Insomma fa bene la ministra Bernini a dire, lo ha fatto ieri incontrando i rettori, che «l’università include e non boicotta». Così dovrebbe essere. E invece non è. La prima reazione alla strage del 7 ottobre è stata, a La Sapienza, il corteo degli studenti (pochi ma i più visibili, anzi purtroppo gli unici) che intimavano al rettore di bloccare ogni rapporto scientifico con gli israeliani. Ed è questo, fino allo sproposito messo in scena a Torino, il mood generalizzato nei nostri luoghi di studio. In cui i dogmi del radicalismo più estremo cercano di dettare legge. Secondo il mantra - da Roma a Napoli, da Genova a Siena, da Bologna a Cagliari - del «dagli al sionista» e della colpevolizzazione, secondo i collettivi studenteschi e un certo numero di intellettuali e professori italiani, per lo spargimento di sangue in corso in Medio Oriente con il relativo corollario di accuse di «genocidio» anti-palestinese (stando a un rapporto dell’Istituto Cattaneo, il 46,3 per cento degli studenti delle università Milano-Bicocca, Bologna e Padova, ritengono valida l’equazione «ebrei uguale nazisti»). Queste le motivazioni che hanno mosso i circa 4000 accademici italiani che, a novembre scorso, firmarono l’appello per il cessate il fuoco a Gaza e per interrompere i rapporti di collaborazione, da sempre molto prolifici, tra gli atenei italiani e quelli israeliani.
È sconcertante che pulsioni di questo tipo provengano dalle università, che dovrebbero ispirarsi non soltanto al rigore dello studio e della ricerca, ma anche al pluralismo che è la quintessenza della cultura.
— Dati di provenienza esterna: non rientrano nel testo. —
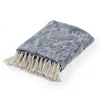 Blankets & Throws-Kirkland's Home Navy Chambray Fringe Throw Blue/White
Si sta invece manifestando lo spirito di crociata e accade proprio nei luoghi teoricamente dediti alla pratica della laicità e all’uso della ragione. Ed è impressionante che sia presa di mira una delle realtà più straordinarie dello Stato ebraico, quel mondo universitario in cui l’autorità è contestata e le leadership di domani si formano liberamente. E in cui studenti israeliani e palestinesi condividono esperienze e spazi di studio. C’è inoltre da considerare, da parte nostra, che il prestigio degli atenei israeliani è ormai indiscusso. L’Università ebraica, quella di Tel Aviv e il Technion, si piazzano da anni ai primi dieci posti nelle classifiche internazionali delle istituzioni scientifiche. Nell’ultimo decennio cinque israeliani hanno vinto il Nobel. E la percentuale di pubblicazioni scientifiche è almeno dieci volte superiore a quella di altri Paesi. Lo scenario, soprattutto visto dall’Italia, è quello di un sistema di educazione proiettato verso le sfide del futuro. Quelle economiche anzitutto, se si considera che, secondo alcune stime, il 41 per cento del Pil di Israele è legato ai progressi sul fronte della ricerca e dello sviluppo e il 29 per cento a una maggiore istruzione superiore della popolazione. Sbattere le porte in faccia, in nome degli slogan e delle pose sessantottarde fuori tempo massimo, a una realtà così dinamica significa per noi non solo provincialismo ma auto-lesionismo nazionale.